Der vom Landgericht im Rahmen einer Schätzung nach § 287 ZPO in Ansatz gebrachte Ausgangsbetrag von 500,00 € ist berufungsrechtlich nicht zu beanstanden. Der Beklagte ist ein Fotograf. Dies ergibt sich aus den bindenden Feststellungen im Tatbestand der angefochtenen Entscheidung, die in Einklang mit dem Internetauftritt des Beklagten gemäß der Anlage K4 stehen. Auch wenn der Kläger bestreitet, dass der Beklage hauptberuflich („professionell“) als Fotograf tätig ist und die Qualität des streitbefangenen Bildes bemängelt, bleibt die Tatsache, dass er ein von einem Fotografen gefertigtes Lichtbild im Internet für gewerbliche Zwecke verwendet hat. Der Kläger hat das Foto rund drei Jahre lang genutzt. Sein Internetauftritt ist in deutscher Sprache gehalten und sein Angebot – Meditationen, Ferienseminare in C und der D – auch für deutsche Verbraucher von Interesse. Von einer marginalen Nutzungsintensität in Deutschland kann nicht ausgegangen werden.
Bei fehlender Urheberbenennung ist nach ständiger Rechtsprechung auch des Senats ein Zuschlag von 100 % vorzunehmen.
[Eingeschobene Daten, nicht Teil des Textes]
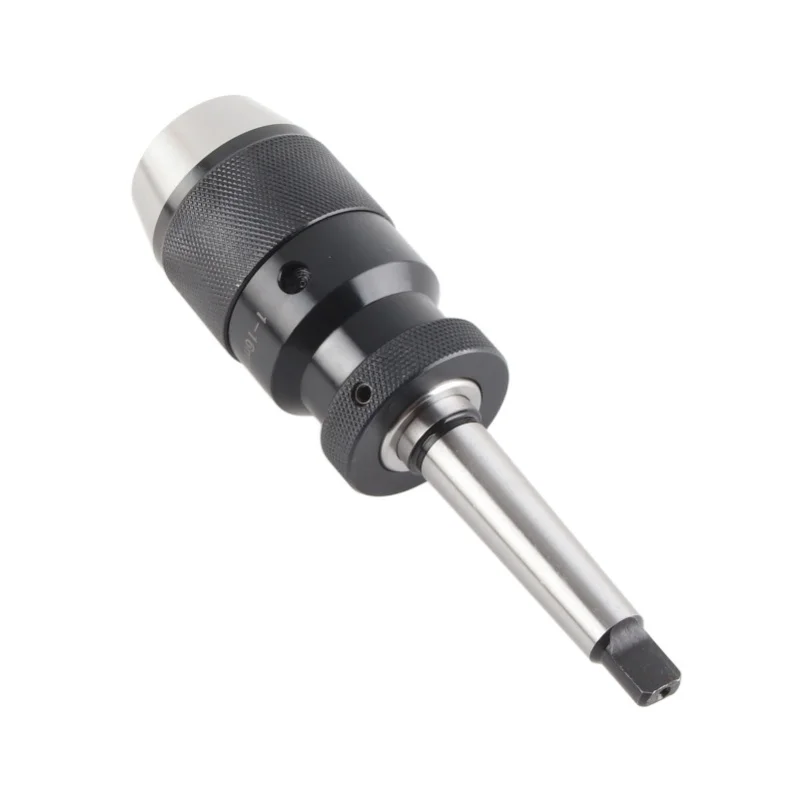 

Емкость 1-16 мм 45 # Стальной самозатягивающийся сверлильный патрон для токарного станка без ключа с конической оправкой MT3-B18 Коническая оправка MT2-JT3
Dass dem Beklagte Kosten in Höhe von 113,05 € für die Dokumentation der Rechtsverletzung entstanden sind, war in erster Instanz unstreitig. Der Kläger hat in seiner Erwiderung auf die Widerklage lediglich eingewandt, dass die Dokumentationskosten ebenfalls zurückzuweisen seien, da sie Bestandteil der Abmahnung seien. Dieses Argument greift nicht. Dass der Beklagte keinen Anspruch auf Erstattung von Abmahnkosten aus § 97a Abs. 3 UrhG hat, weil die Abmahnung nicht den Anforderungen aus § 97a Abs. 2 UrhG entsprach, betrifft den aus § 97 Abs. 2 UrhG folgenden Anspruch auf Erstattung von Dokumentationskosten nicht. Der Ansicht des Klägers, ein spezifisches Bestreiten der Kosten sei nicht notwendig gewesen, da derartige Kosten unselbständiger Bestandteil der anwaltlichen Abmahnung seien, kann nicht beigetreten werden.
Der Vortrag des Beklagten zu den als solchen unbestrittenen Dokumentationskosten ist auch nicht unschlüssig, zumal der Beklagte bereits in der Abmahnung – wie nunmehr detailliert auch in der Berufungserwiderung – ausgeführt hat, dass er die Nutzung seines Fotos auf der Webseite im erforderlichen Umfang gerichtsverwertbar gesichert habe und dies im Falle des Bestreitens als Beweis vor Gericht vorlegen werde. Er habe nach dem Auffinden der Rechtsverletzung den Dokumentationsdienstleister E mit dem Erstellen der gerichtsverwertbaren Dokumentation der Rechtsverletzung beauftragt. Hierfür seien 95,00 € netto zuzüglich Umsatzsteuer, insgesamt 113,05 € angefallen.
Die Kosten für die gerichtsfeste Dokumentation einer Urheberrechtsverletzung stellen einen durch jene adäquatkausal verursachten Schaden dar.

Soweit der Kläger sich auf Rechtsmissbrauch beruft, hat er nach wie vor keine Tatsachen vorgetragen, die einen solchen Verdacht hinreichend stützen könnten.

Die Berufung wird daher zurückzuweisen sein, wenn der Kläger nicht die Gelegenheit zu einer kostengünstigen Rücknahme des Rechtsmittels innerhalb der Stellungnahmefrist wahrnimmt.